La Befana: a Kindly old witch who brings children toys on the Feast of the Epiphany, January 6. According to the legend of la Befana, the Three Wise Men stopped at her hut to ask directions on their way to Bethlehem and to invite her to join them. She refused, and later a shepherd asked her to join him in paying respect to the Christ Child. Again she refused, and when night fell she saw a great light in the skies.
La Befana thought perhaps she should have gone with the Three Wise Men, so she gathered some toys that had belonged to her own child, who had died, and ran to find the kings and the shepherd. But la Befana could not find them or the stable. Now, each year she looks for the Christ Child. Since she cannot find him, she leaves gifts for the children of Italy and pieces of coal (nowadays carbone dolce, a rock candy that looks remarkably like coal) for the bad ones.
Holiday Season: On the Italian holiday calendar December 25 isn’t the only special day.
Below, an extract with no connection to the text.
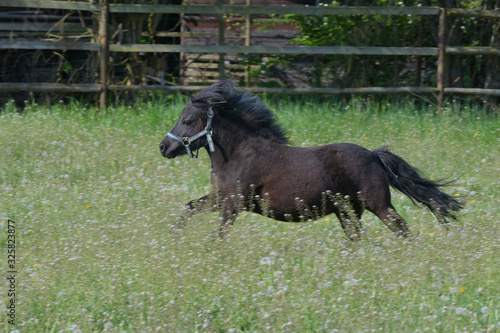 Quadro em tela A cute Shetland pony galloping in the meadow.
Throughout December and January there are a number of religious holidays to mark the season.
DECEMBER 6: La Festa di San Nicola – The festival in honor of St. Nicholas, the patron saint of shepherds, is celebrated in towns such as Pollutri with the lighting of fires under enormous cauldrons, in which fave (broad beans) are cooked, then eaten ceremoniously.
DECEMBER 8: L’Immacolata Concezione – celebration of the Immaculate Conception
DECEMBER 13: La Festa di Santa Lucia – St. Lucy’s Day
DECEMBER 24: La Vigilia di Natale – Christmas Eve
DECEMBER 25: Natale – Christmas
DECEMBER 26: La Festa di Santo Stefano – St. Stephen’s Day marks the announcement of the birth of Jesus and the arrival of the Three Wise Men
DECEMBER 31: La Festa di San Silvestro – New Year’s Eve
JANUARY 1: Il Capodanno – New Year’s Day
JANUARY 6: La Festa dell’Epifania – The Epiphany
In Germany, Sankt Nikolaus, and in Holland, Sinterklaas, became Santa Claus of Christmas fame and that tradition was carried to the Americas by European settlers.
The magnificent Basilica di San Nicola in Bari is visited by thousands of faithful and tourists every year.